We have cooked our pork bellies on our Traeger Grill and in a proper smoker. Both of these other cooking sources are great options, but our personal favorite is the smoker.

When it comes to grills, whether charcoal or propane, you want to use indirect heat. Even on the lowest setting/heat, it’s going to cook your bacon. This step should take no less than 3 hours. We are talking low and slow. And if you want to add that element of smoke flavor to your bacon, you can use a smoking chamber on your grill, like the one I have a link to below.

If you have a Traeger, or other grill that is a combo smoker, you want to keep your grill on the smoke setting and let the smoke cook your pork belly. It’s been a while since my husband smoked bacon on our Traeger, but he remembers it taking about 3-4 hours. Remember, this isn’t about time as much as it is about reaching that temperature of 165°F using just the heat from the smoke.

My husband loves the smoker that he found on a community “Free” page. This one allows you to customize your meat smoking experience better than a smoker/grill combo unit. His advice for using this cooking option is to soak your wood chips. At a bare minimum you soak them for 30 minutes, but 30-60 minutes is good. And in my ear, my husband is saying, “Do not soak grill pellets!” You definitely want the wood chips. And even with soaked chips, you still want to keep a tray of water in your smoker with your chips and meat. It keeps the humidity just right to keep the juices in your bacon.

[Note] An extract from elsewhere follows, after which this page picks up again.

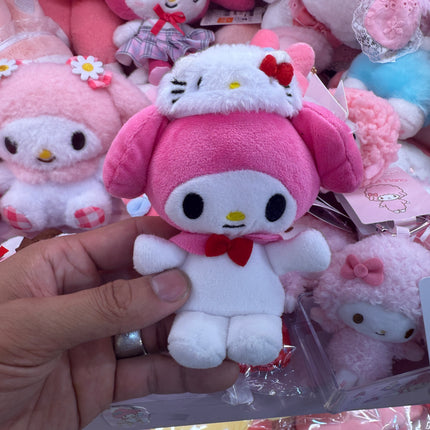 My Melody Plush Doll Keychain – 50th years limit edition - Lillianna Gifts Australia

The other advice that my husband popped in to give, is that if for whatever reason your pork belly just won’t come to temperature don’t worry. All you have to do is put it in your oven (lowest setting) and finish cooking it to 165°F.

Tenting Options

While this step can be omitted, you might consider to keeping it in your procedure. The tenting helps keep the steam in, instead of evaporating away while it cools down. My husband advocates that this is the secret that keeps his bacon from drying out.

If you want to tent your bacon but don’t want to use foil, you can use your lidded container (just don’t seal it).

Cutting Options

Here is where my husband and I have a slight difference of opinion. I have absolutely no problem slicing my bacon by hand. I’ve been slicing sandwich bread for over 3 years now, so I have a steady hand for this sort of thing. My husband prefers a meat slicer. Knife or machine, I’m an advocate for using what you have on hand.

We both do agree that letting the pork belly rest over night in the fridge is a huge step in your favor. If you slice your bacon at room temperature, you will more than likely find that it shifts on you and your blade slides out of place. By cooling the pork belly over night in the refrigerator, it firms the meat up and makes the slicing that much easier.


Why is it important to cure the pork belly for 7 days?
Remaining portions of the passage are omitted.